In reaction to the said appeal, the 1st Respondent (herein) filed a preliminary objection on the 25th of June, 2014 challenging the competence of the appeal on the grounds (as set out at pages 489-490 of the Record of Appeal) that:-

“1. This Honourable Court has no Jurisdiction to entertain the appeal on the ground that the Federal High Court lacked jurisdiction because it is a matter that emanated from the concluded mater by the defunct Failed Bank Tribunal.

  1. The law is settled that an appellate Court cannot exercise jurisdiction in a matter once the lower Court is without jurisdiction: Ehuwa v. Ondo State (2006) 12 SCNJ 259.
  2. Section 2 and 3 of the Tribunal (Certain Consequential Amendments e.t.c) decree No. 62 of 1999 the Federal High Court had no jurisdiction to entertain any concluded matter by the defunct failed Bank Tribunal.
  3. The failed Bank Tribunal concluded this matter on the 20th day of April, 1999.
  4. The Supreme Court in Arewa Paper v. N.D.I.C. (2006) 7 457 at 477 line 5 to 12 held that that Federal High Court lacked jurisdiction to entertain the matter to support any appeal.
  5. This Court in the unreported case of Chief Nath U. Onyeukwll v. N.D.I.C. Appeal No. CA/E/194/M/2006 affirmed the position of the Supreme Court.”

In the judgment appealed against, relying on the decision of this Court in Arewa Paper Converters Ltd. v. N.D. I. C. (supra) the Court below upheld the objection and stated, inter alia, (at page 528 of the Record of Appeal) that:-

“…I hold that the Federal High Court lacked the jurisdiction and vires to entertain and determine the application of the appellants before it that led to this appeal, and that the whole proceedings before that Court amounted to nullity.

As far as this instant appeal is concerned therefore, it becomes obvious that this Court is not endowed with the jurisdiction to hear the same since obviously no valid proceedings have been brought before it. It definitely will not stand. See MACFOY v. U.A.C. (1962) AC 152.

The consequence is that the Preliminary Objection of the 1st respondent is meritorious and it is accordingly upheld by me. The appeal is struck out for want of jurisdiction by this Court.”

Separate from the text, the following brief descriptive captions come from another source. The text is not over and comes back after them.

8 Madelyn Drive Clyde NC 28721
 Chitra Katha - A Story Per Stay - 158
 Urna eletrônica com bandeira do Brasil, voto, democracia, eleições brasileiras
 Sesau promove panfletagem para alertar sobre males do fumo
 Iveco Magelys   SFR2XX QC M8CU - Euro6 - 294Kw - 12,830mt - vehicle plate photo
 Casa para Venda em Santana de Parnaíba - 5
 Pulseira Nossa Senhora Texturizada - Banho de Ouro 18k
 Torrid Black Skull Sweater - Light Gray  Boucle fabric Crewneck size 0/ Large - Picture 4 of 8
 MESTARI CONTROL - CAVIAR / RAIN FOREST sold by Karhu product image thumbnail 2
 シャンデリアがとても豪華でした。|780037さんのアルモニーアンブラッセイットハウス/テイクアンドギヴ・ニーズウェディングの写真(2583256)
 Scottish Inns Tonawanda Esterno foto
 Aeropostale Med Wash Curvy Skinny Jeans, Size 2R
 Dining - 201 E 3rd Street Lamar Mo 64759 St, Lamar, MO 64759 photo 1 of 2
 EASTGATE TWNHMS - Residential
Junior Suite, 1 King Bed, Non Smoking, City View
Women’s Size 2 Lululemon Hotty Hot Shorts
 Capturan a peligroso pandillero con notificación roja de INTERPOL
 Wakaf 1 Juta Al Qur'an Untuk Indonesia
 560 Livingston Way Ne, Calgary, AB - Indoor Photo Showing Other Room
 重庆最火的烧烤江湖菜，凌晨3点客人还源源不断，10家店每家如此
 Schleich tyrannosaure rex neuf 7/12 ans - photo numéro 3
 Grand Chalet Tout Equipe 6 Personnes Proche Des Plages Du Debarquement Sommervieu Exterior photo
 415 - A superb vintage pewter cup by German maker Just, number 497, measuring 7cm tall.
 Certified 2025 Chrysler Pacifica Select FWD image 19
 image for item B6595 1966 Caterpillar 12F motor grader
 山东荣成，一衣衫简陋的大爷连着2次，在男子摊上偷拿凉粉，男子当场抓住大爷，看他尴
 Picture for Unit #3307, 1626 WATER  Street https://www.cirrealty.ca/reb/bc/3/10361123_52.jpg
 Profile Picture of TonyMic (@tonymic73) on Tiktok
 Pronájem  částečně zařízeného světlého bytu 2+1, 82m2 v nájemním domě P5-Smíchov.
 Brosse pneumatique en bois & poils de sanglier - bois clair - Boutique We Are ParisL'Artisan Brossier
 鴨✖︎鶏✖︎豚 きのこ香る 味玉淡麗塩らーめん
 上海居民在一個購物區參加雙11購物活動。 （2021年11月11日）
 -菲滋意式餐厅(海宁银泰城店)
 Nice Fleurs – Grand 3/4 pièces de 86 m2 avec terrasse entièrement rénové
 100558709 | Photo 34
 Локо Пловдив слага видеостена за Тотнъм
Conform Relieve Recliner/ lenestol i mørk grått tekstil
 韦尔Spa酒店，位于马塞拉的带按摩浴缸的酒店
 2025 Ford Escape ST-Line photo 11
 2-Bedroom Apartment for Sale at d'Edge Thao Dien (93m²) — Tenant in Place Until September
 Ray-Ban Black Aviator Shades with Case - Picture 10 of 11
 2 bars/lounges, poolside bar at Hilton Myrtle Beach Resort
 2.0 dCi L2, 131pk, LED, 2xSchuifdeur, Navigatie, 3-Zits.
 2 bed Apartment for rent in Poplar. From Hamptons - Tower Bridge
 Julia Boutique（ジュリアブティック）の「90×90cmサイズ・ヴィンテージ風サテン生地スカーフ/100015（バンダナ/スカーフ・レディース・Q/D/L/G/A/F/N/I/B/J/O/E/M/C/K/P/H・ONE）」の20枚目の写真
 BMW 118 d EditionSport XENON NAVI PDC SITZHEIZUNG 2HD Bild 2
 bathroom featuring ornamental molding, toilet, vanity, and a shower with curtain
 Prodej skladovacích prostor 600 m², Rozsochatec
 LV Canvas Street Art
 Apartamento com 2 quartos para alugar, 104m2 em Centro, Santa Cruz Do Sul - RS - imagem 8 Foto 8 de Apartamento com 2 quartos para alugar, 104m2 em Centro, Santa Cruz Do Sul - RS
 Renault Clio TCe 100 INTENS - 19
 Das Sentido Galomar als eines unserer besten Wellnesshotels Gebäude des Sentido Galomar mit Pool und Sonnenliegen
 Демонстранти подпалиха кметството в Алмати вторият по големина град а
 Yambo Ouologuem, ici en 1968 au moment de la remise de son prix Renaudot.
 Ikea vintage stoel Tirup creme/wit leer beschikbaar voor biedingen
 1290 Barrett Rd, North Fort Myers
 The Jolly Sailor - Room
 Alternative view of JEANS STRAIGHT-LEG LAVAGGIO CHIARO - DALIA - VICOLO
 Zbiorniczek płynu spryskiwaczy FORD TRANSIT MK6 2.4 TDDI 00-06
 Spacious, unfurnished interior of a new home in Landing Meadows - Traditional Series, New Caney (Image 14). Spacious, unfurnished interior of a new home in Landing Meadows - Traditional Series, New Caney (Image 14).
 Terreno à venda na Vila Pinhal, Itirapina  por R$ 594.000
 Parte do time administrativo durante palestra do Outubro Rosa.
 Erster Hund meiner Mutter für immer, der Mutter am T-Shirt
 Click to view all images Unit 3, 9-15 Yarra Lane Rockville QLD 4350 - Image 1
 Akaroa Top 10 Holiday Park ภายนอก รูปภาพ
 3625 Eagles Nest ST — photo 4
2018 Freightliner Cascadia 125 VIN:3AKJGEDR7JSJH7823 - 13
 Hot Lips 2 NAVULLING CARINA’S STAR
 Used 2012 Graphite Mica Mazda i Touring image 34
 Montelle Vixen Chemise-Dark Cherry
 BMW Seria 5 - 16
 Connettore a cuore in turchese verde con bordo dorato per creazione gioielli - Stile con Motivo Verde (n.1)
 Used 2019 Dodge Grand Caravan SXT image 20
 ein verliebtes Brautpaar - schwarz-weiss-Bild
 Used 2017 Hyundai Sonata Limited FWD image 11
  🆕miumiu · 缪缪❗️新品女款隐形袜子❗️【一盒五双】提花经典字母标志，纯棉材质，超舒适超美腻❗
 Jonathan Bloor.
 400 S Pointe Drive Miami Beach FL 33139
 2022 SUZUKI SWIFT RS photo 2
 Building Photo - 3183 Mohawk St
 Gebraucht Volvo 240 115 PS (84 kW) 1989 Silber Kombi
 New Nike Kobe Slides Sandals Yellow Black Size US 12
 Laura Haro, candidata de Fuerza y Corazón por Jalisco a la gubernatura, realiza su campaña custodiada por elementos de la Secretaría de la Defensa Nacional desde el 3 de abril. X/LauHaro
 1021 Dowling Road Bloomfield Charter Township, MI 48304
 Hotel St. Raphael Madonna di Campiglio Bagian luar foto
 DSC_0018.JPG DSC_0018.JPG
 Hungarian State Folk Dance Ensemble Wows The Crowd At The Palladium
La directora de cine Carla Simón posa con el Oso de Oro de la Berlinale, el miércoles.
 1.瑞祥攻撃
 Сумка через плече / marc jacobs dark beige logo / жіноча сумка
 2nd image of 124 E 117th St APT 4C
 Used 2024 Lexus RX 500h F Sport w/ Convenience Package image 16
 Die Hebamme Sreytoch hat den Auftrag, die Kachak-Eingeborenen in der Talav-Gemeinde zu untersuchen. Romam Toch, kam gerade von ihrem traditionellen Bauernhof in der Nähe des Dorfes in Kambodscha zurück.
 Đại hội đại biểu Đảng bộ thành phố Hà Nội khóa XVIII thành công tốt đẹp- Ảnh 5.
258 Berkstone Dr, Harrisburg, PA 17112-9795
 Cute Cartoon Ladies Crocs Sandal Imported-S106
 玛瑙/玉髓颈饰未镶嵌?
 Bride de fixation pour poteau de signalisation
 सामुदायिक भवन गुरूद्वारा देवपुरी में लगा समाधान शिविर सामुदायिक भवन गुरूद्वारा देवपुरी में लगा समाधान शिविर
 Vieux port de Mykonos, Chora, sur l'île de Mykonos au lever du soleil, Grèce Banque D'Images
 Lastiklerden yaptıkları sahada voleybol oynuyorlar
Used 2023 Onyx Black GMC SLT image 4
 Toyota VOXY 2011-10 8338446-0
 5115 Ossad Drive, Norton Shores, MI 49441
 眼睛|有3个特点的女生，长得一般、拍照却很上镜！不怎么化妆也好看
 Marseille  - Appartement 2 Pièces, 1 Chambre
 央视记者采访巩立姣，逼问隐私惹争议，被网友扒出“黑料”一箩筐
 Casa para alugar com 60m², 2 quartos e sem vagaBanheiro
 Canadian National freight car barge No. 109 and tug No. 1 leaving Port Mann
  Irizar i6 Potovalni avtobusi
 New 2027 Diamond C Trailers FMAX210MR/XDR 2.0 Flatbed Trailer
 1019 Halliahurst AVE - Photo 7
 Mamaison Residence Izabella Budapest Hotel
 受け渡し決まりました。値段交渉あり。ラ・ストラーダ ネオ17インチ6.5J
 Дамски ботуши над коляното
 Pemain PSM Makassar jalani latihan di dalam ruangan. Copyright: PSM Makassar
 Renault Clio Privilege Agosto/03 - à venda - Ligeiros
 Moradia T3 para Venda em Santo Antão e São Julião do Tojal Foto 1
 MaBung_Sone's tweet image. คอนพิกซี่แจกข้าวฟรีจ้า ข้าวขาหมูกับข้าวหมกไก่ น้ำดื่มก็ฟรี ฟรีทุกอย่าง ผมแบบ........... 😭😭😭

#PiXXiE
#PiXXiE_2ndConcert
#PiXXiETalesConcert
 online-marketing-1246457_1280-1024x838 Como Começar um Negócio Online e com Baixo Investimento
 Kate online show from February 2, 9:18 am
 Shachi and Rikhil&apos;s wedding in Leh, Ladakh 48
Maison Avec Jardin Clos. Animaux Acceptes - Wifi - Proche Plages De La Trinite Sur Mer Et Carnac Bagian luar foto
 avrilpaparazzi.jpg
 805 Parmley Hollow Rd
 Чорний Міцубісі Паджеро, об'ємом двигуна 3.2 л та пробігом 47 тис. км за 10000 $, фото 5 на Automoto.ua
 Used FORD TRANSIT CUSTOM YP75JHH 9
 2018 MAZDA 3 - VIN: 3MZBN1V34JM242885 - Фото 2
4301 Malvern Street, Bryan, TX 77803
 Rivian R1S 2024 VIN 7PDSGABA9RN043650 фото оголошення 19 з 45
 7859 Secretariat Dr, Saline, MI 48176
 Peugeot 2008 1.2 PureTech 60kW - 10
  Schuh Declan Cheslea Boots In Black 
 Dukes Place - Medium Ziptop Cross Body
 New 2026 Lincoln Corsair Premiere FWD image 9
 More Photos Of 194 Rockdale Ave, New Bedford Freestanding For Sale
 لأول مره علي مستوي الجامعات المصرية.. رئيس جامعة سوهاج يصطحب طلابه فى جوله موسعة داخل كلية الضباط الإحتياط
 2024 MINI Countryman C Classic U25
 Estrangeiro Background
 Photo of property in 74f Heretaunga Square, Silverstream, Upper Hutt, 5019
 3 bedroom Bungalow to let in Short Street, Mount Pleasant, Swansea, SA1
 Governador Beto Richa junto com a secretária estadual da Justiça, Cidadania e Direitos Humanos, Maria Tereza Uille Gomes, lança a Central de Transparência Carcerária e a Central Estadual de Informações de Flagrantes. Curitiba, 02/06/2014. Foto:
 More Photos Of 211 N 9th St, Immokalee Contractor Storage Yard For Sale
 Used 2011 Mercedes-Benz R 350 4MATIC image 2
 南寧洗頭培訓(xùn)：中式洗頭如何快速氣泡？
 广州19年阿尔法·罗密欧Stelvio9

The arguments by the Learned SAN for the Appellants against the above decision by the Court below are canvassed under issue 3 in the Appellants’ Brief to the effect that the facts in the Arewa Paper Converters Ltd. v. N.D.I.C. were not identical or similar to those in the Appellants’ case to justify “THE BLANKET APPLICATION OF THE JUDGMENT OF THE SUPREME COURT IN THAT CASE ON THE INSTANT CASE.”

The cases of Clement v. Iwuanyanwu (1989) 3 NWLR (pt. 107) 39 at 54, paras C & D, Adegoke Motors Ltd. v. Adesanya (1989) 3 NWLR (pt. 109) 250 at 275 paragraph B, Obiuweubi v. CBN (2011) 7 NWLR (pt. 1247) 497 and Yabatech v. M.C. & D Ltd. (2014) 3 NWLR (pt. 1395) 616 at 659 were cited on when the principle of stare decisis or judicial precedence is applicable in later cases and it is argued that the facts in the two (2) cases are not on all fours or even close enough for the case of Arewa Paper Converters Ltd. v. N.D.I.C to be an authority in the Appellants’ case. According to the Learned Senior Counsel, the dissimilarity between the two (2) cases is that in the other case, the Supreme Court found that the Appellant was indeed served with the originating processes of the Tribunal, citing pages 431, and 437 of the Report of Arewa Paper Converters Ltd case.

Now, I have calmly read the facts in the Arewa Paper Converters Ltd. v. N.D.I.C., also reported in (2006) 15 NWLR (pt. 1002) 404, as set out in the lead judgment by M. Mohammed, JSC, and find same to be substantially similar to the facts of the Appellants’ case in the following respects:-

(a) That the claims against the Defendants in the two cases were for recovery of debts owed to failed banks over which jurisdiction was vested in the Tribunal under the provisions of Decree 18.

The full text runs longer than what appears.